Yesterday, the Big Four giant announced the launch of Legal Ventures, a program giving early-stage legal tech companies access to Deloitte's consulting, technology, legal and investment expertise. In return, Deloitte will leverage the startups' products and services.
Originally, law firms launched legal tech incubators to keep up with ALSP's legal talent and tech advantages. Over the course of five years, a host of such incubators including Dentons' NextLaw Labs, Cyril Amarchand Mangaldas's Prarambh, Clifford Chance's Create+65 and Allen & Overy's Fuse have come into existence. Now, it appears, the Big Four is encroaching on that territory.
Earlier this year, PwC became the first of the Big Four to join the legal tech incubator space, when it announced it was accepting applicants for Scale | LawTech, a 10-week program tasked with providing legal tech startups with pitch opportunities and individual coaching and business support.
Deloitte, meanwhile, prefers its program not be called an incubator. "This is not another incubator (the market is saturated with those). Deloitte Legal Ventures is a specific program to better shape and test the proof of concept process," a Deloitte spokesperson wrote in an email.
Saturation aside, the networking opportunities for legal tech startups are expanding, and companies are not wasting the chance to leverage both Big Law and the Big Four's varying expertise and networks.

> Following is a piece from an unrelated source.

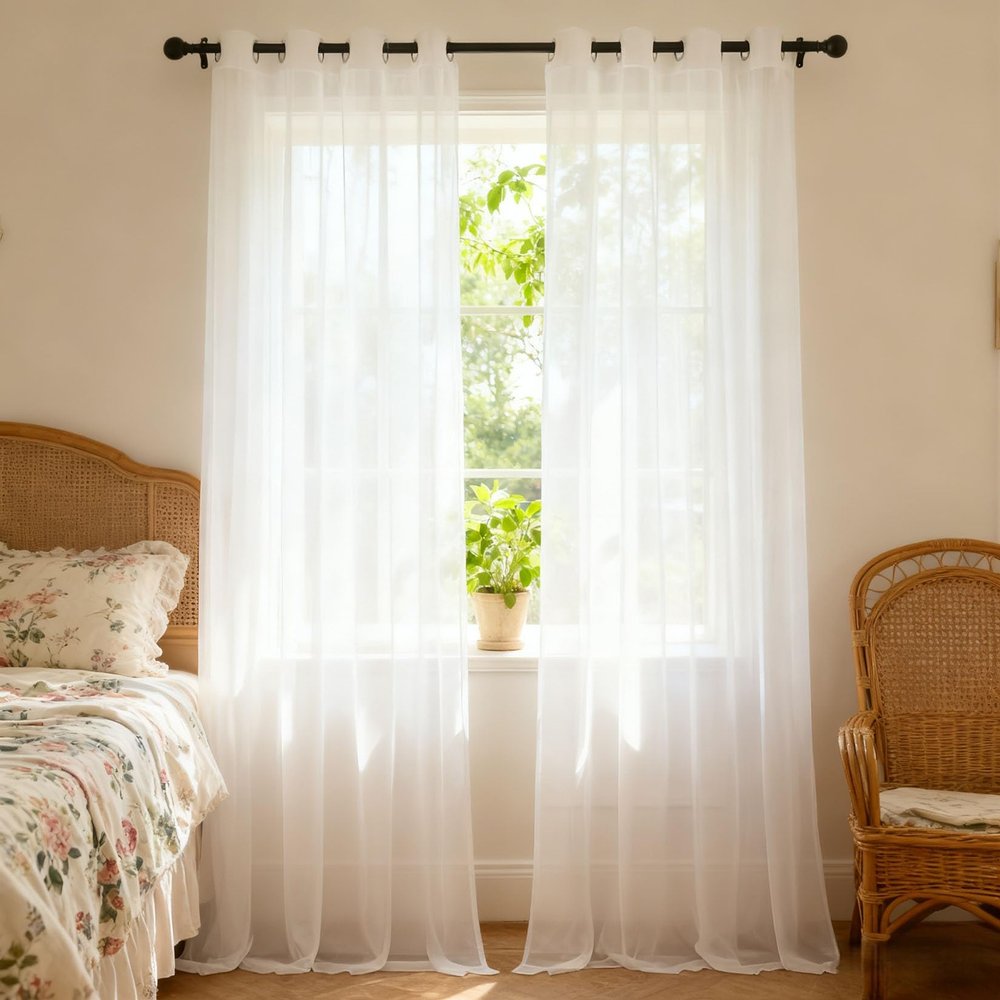 WUXXIANG Voile Curtain 192 x 134 cm, Semi-Transparent, Airy, Easy to Install, Soft and Durable, Washable Sheer Curtain for Living Room, Bedroom & Dining Room, White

Notably, contract automation tool Avvoka was named one of 14 companies in Deloitte's Legal Ventures program. Earlier this year in March, Avvoka joined Allen & Overy's Fuse incubator. (Avvoka didn't respond to requests for comment by press time).
What's more, the "app store for legal tech" Reynen Court, which obtained early investment from Clifford Chance and Latham & Watkins and counts those firms' chief information officers as non-executive directors, is also a member of Deloitte's new program.
For Deloitte's part, innovation and Legal Ventures lead Laura Bygrave said they aren't competing with any incubators. Instead, she noted Legal Ventures differs by intending to use their startups' products and services and offering them a long-term relationship.
To be sure, Allen & Overy's Fuse allows the firm to use the products that come out of its incubator, and, like Legal Ventures, does not seek to exclusivity.
Deloitte's program focuses on companies proving their product's proof-of-concept process through metrics. Each company's products, services, business models and strategies are evaluated through a "stress-test," that measures its desirability, feasibility and viability, Bygrave explained.
"The reason we would want to do that is because we want to help these companies scale up, given that the legal market is quite saturated," she said.
Indeed, the legal tech market is full of similar products, leading some observers to expect a wave of consolidations. Still, Deloitte does have some firsthand experience developing legal tech. Earlier this year, it released a Freedom of Information Act workflow tool, the first product created through its alliance with e-discovery provider Relativity.